If you want to name adults as the beneficiaries of your IRA, we recommend you name them individually on your IRA beneficiary designation form. Do not name your living trust as your beneficiary.
One of your estate planning goals should be to make life less difficult for the successor trustee of your living trust. Naming individuals as your IRA beneficiaries keeps things simple.
The exception is if you have young or irresponsible children and you need a successor trustee to manage their inherited IRA. But if your beneficiaries are responsible grown-ups, it is better to simply name them individually as your IRA beneficiaries.
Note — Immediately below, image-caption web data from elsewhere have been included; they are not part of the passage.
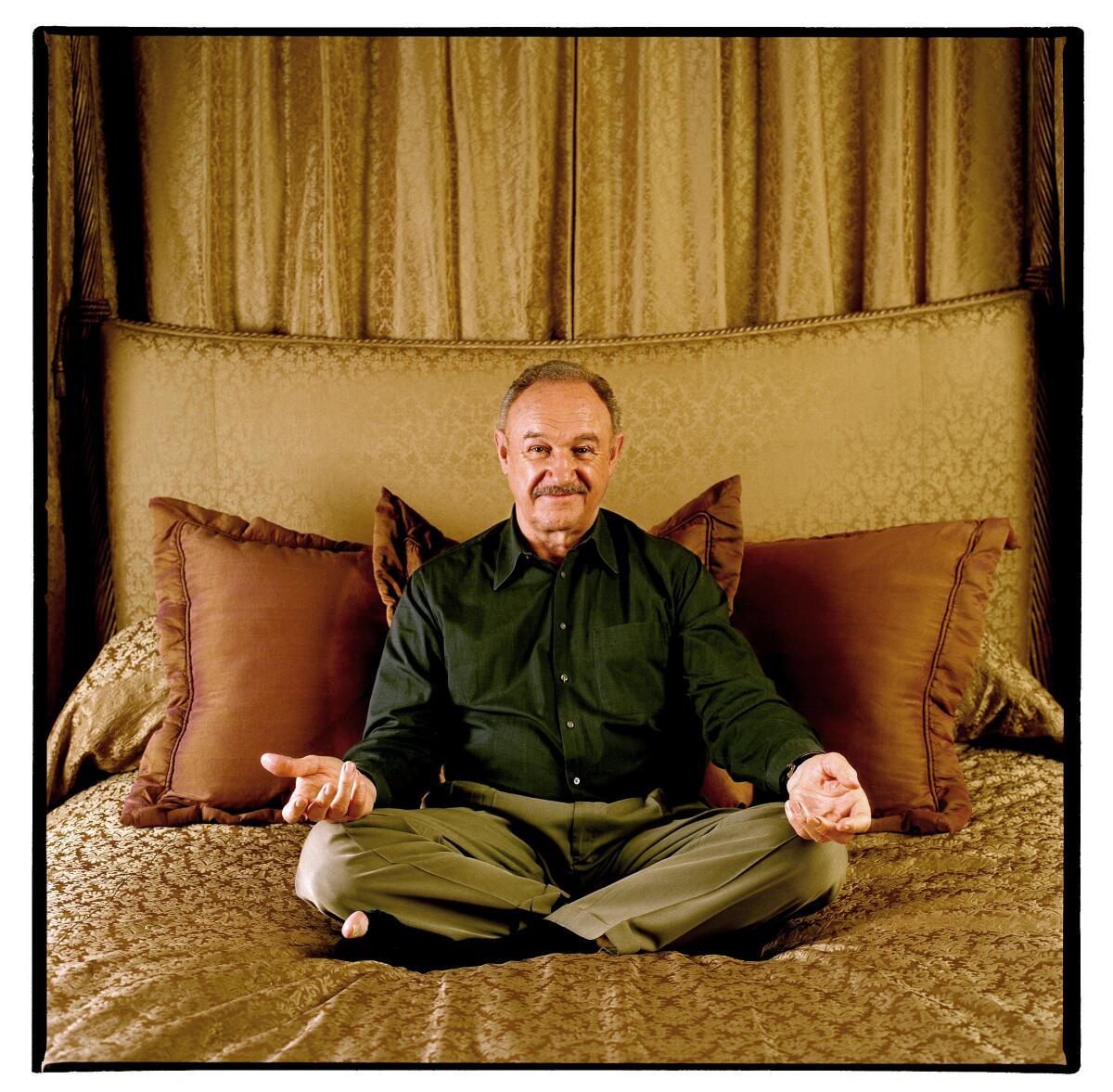 Gene Hackman sits cross-legged on a bed with his palms open facing up and resting on his knees.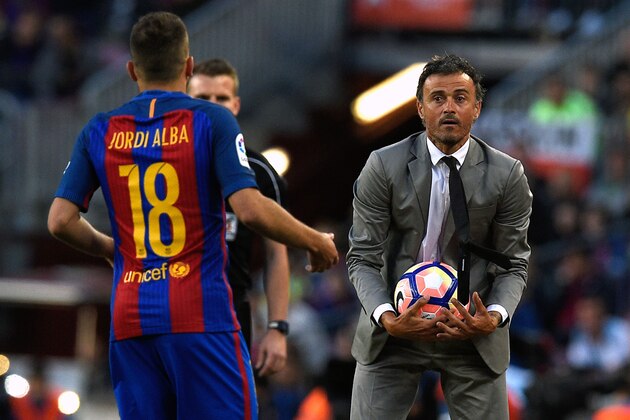 Barcelona's coach Luis Enrique (R) gives a ball to Barcelona's defender Jordi Alba during the Spanish league football match FC Barcelona vs SD Eibar at the Camp Nou stadium in Barcelona on May 21, 2017. / AFP PHOTO / LLUIS GENE        (Photo credit should read LLUIS GENE/AFP/Getty Images)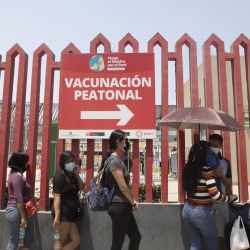 Personas hacen fila para recibir una dosis de una vacuna contra la enfermedad del nuevo coronavirus (COVID-19), en la Villa Deportiva Nacional, en Lima, Perú. | Foto:Xinhua/Mariana Bazo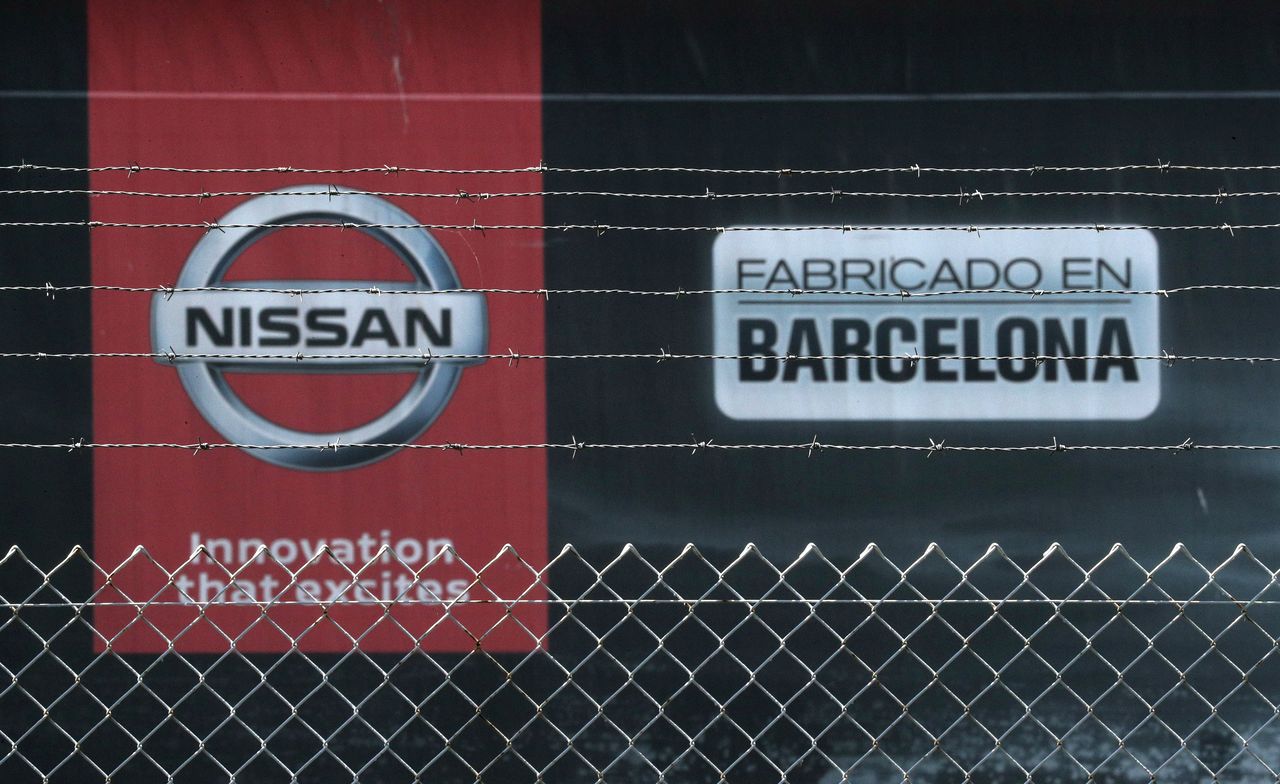 FILE PHOTO: The logo of Nissan is seen through a fence at Nissan factory at Zona Franca during the coronavirus disease (COVID-19) outbreak in Barcelona, Spain, May 26, 2020. REUTERS/Albert Gea/File Photo
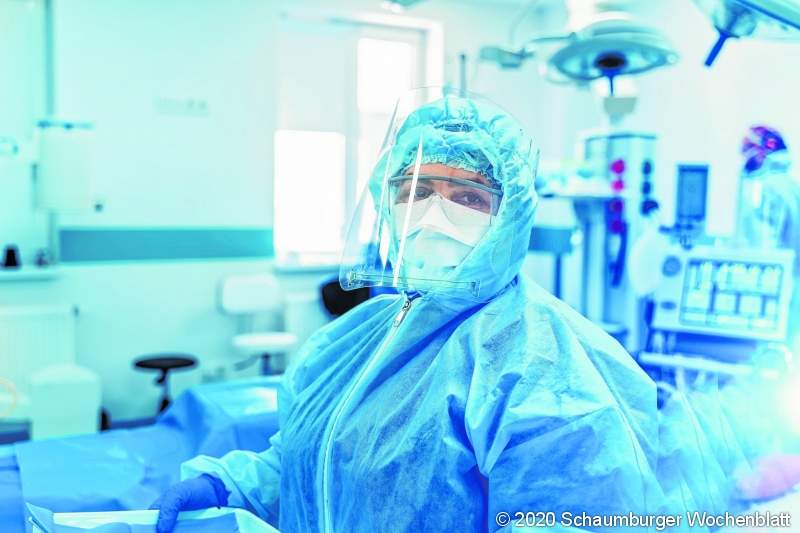 Coronavirus. Covid 19 infected patient in intensive care emergency room. Life saving. Ventilation of the lungs with oxygen.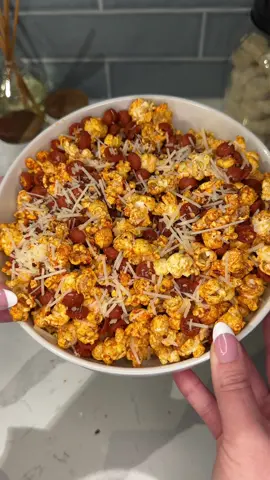 viral pepperoni pizza popcorn recipe 🍕🍿 Ingredients: 2 bags mini pepperoni pieces 1 bag @LesserEvil Snacks Himalayan pink salt popcorn 1 cup grated parmesan cheese 1/4 cup paprika 1 tbs oregano 2 tbs onion powder 2 tbs garlic powder 2-3 tbs shredded parmesan cheese crushed red pepper flakes Instructions: In a large pot, heat mini pepperoni for 4-5 minutes on medium-high heat. Remove pot from heat and pour in popcorn. Toss to mix. In a small mixing bowl, combine grated parmesan, paprika, oregano, garlic powder, and onion powder. Pour desired amount of seasoning over popcorn mixture and serve with shredded parmesan cheese and red pepper flakes on top.  Enjoy! 😋 #lesserevilyum #bestpopcorn #lesserevilyum #snack  #creatorsearchinsights 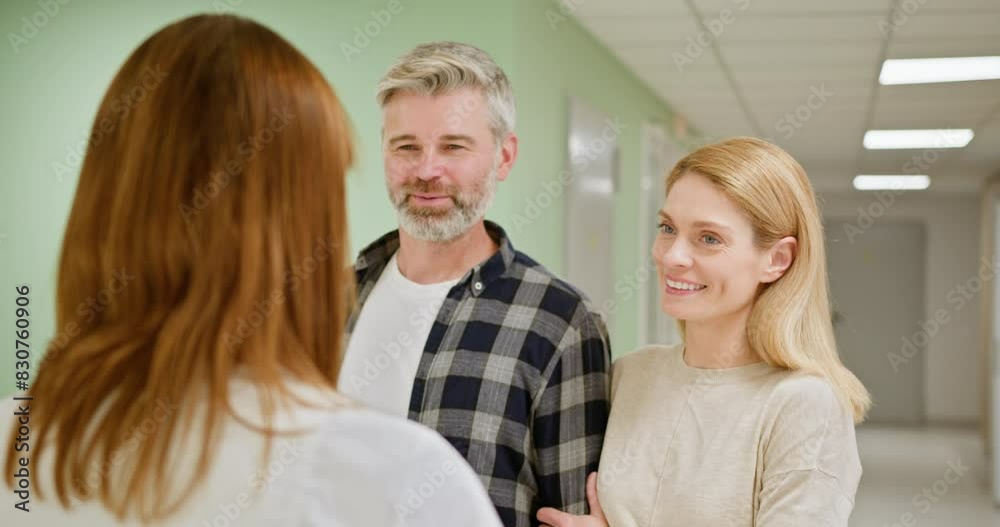 Receptionist talking to couple patients in front of reception counter in hospital. Man woman having conversation at reception. Family. Middle-Aged Couple at Hospital Consultation with Specialist. Receptionist talking to couple patients in front of reception counter in hospital. Man woman having conversation at reception. Family. Middle-Aged Couple at Hospital Consultation with Specialist.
If you name your living trust as the beneficiary of your IRA, your successor trustee and her accountant will have to sort out the income tax issues - does the trust pay the income taxes, or do the individual beneficiaries pay their share of the tax? Also, it will be more difficult for your financial advisor and financial institution to process their paperwork to identify the beneficiaries from your trust, and this will delay your beneficiary's access to the funds.
If you name individuals, and not your living trust, as beneficiaries of your IRA, then when you pass away, each individual beneficiary can contact your financial advisor and make their own decision about how they want to receive their share of your IRA.
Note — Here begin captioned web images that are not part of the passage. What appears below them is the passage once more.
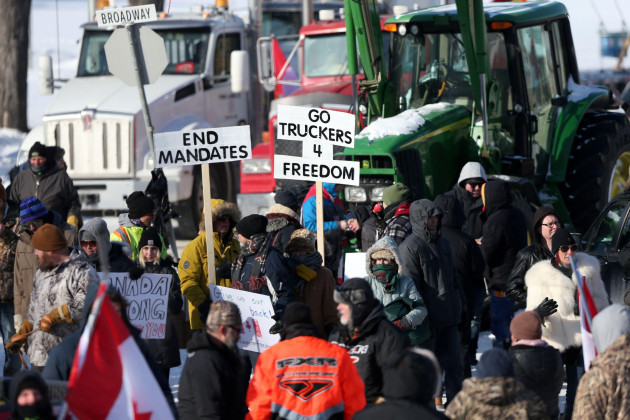 transport-trucks-pick-ups-and-tractors-block-traffic-in-front-of-the-manitoba-legislative-building-as-truckers-and-their-supporters-continue-to-protest-coronavirus-disease-covid-19-vaccine-mandate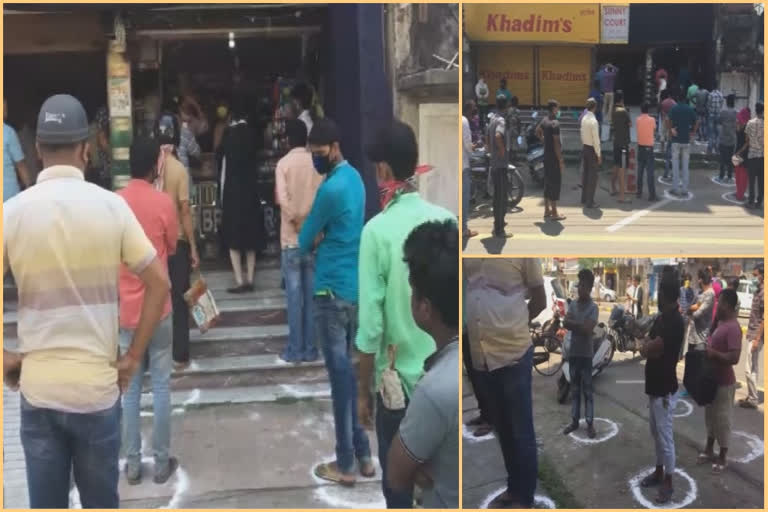 People line up outside a liquor shop in Dibrugarh as government permits sale of liquor between 10 AM & 5 PM during CoronavirusLockdown.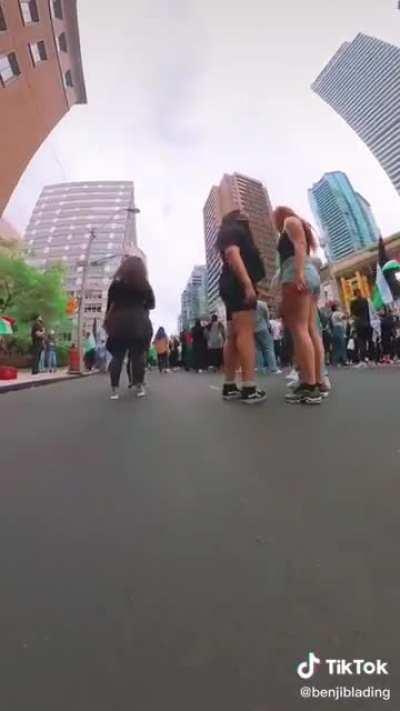 Viral rollerblader runs across a peaceful protest while he is outside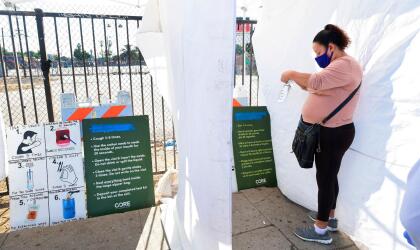 A woman, who just tested herself, places her mouth swab into a bag for testing at a pop-up Covid-19 Test site in Los Angeles, California on October 29, 2020, where the testing is walk-up only with no appointments necessary and results in 48 hours. - While cases of Covid-19 in California are up by about 38 percent from two weeks ago, the fewest fatalities from the coronavirus have been reported in a week since mid-April. (Photo by Frederic J. BROWN / AFP) (Photo by FREDERIC J. BROWN/AFP via Getty Images)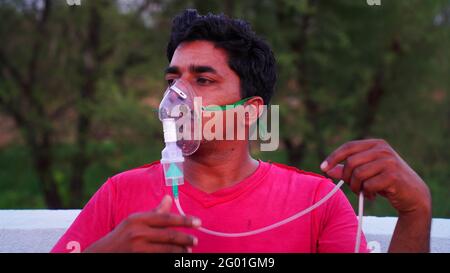 Young man inhale with oxygen mask on face during pandemic in India. A infected person with Covid 19 disease outside of hospital. Coronavirus Stock Photo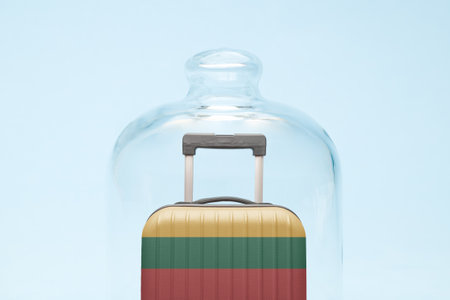 Suitcase with Lithuanian flag design in quarantine minimal creative coronavirus travel restriction concept.の写真素材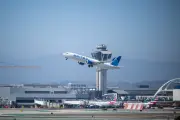 United Airlines probes worker's threat to call ICE in viral video
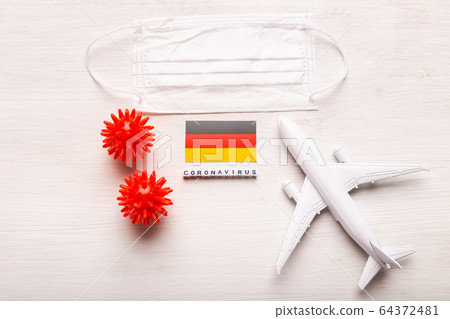 Plane model and face mask and flag Germany. Coronavirus pandemic. Flight ban and closed borders for tourists and travelers with coronavirus covid-19 from Europe and Asia. Plane model and face mask and flag Germany. Coronavirus pandemic. Flight ban and closed borders for tourists and travelers with coronavirus covid-19 from Europe and Asia. 64372481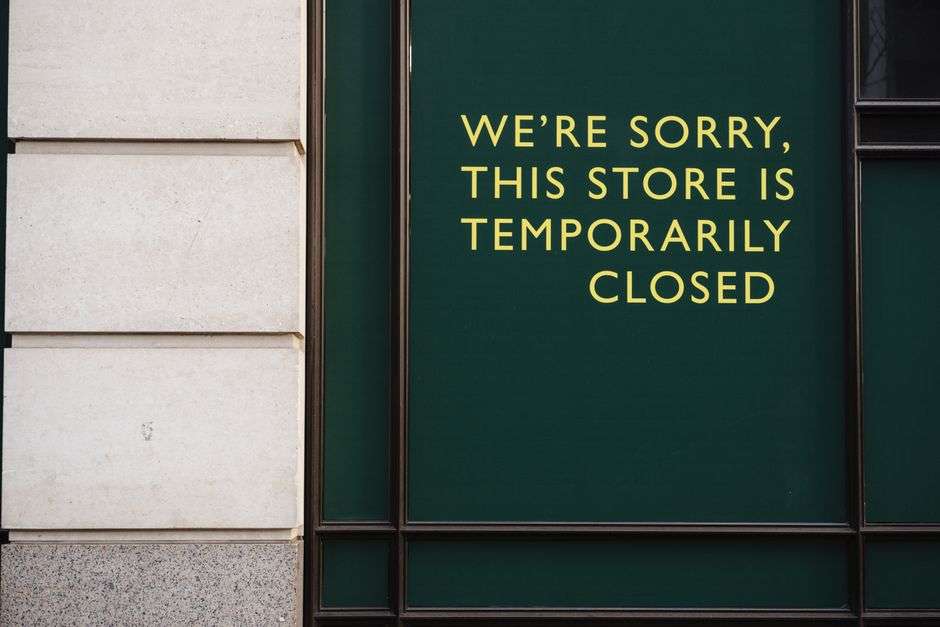 A closed sign posted on a storefront window during coronavirus-related business restrictions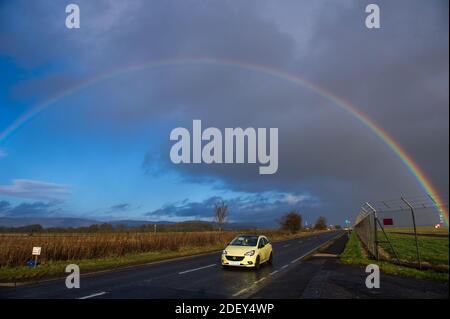 Glasgow, Schottland, Großbritannien. Dezember 2020. Im Bild: Ein intensiver Regenbogen füllt den Himmel an einem kalten, nassen und windigen Tag in Zentralschottland. Die Temperaturen werden an diesem Abend auf knapp über dem Gefrierpunkt sinken. Aufgenommen am Flughafen Glasgow. Quelle: Colin Fisher/Alamy Live News Stockfoto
Your IRA beneficiaries will have two options to receive their share of your IRA:
1. Create an Inherited IRA. An inherited IRA is like a traditional IRA in that it can grow tax-free, and the distributions are taxable income. But unlike a traditional IRA, the beneficiary must take out all the funds within ten years.
Your beneficiary can choose the timing of his or her distributions. She can take annual distributions once a year for ten years. She can wait until she retires and is in a lower tax bracket and then take the distributions. Or, she can keep the funds growing tax-free for ten years and, on the last day of the tenth year, take it all out. Whatever she wants. But the distributions are taxable, and she must report them on her 1040.
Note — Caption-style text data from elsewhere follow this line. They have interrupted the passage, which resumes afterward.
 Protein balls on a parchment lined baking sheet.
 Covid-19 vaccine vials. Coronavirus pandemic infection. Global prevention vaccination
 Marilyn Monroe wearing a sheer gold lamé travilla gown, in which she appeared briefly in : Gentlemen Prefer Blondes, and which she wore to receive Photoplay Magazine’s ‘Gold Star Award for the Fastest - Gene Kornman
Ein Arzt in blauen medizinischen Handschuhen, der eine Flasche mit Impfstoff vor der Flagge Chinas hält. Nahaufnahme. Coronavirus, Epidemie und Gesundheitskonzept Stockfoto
2. Take the money and run. If your beneficiary takes his share of the IRA in a lump sum, he will have to report it all as income on his 1040. From an income tax perspective, this is not the best choice, but if he needs the money now - for a downpayment on a house, to start a business, or to pay off debt, he can use it now.
One of our primary objectives in estate planning is to keep things simple. Unless there is a reason to name your living trust as a beneficiary of your IRA (such as if you have young children), then it is simpler to name individuals as your IRA beneficiaries.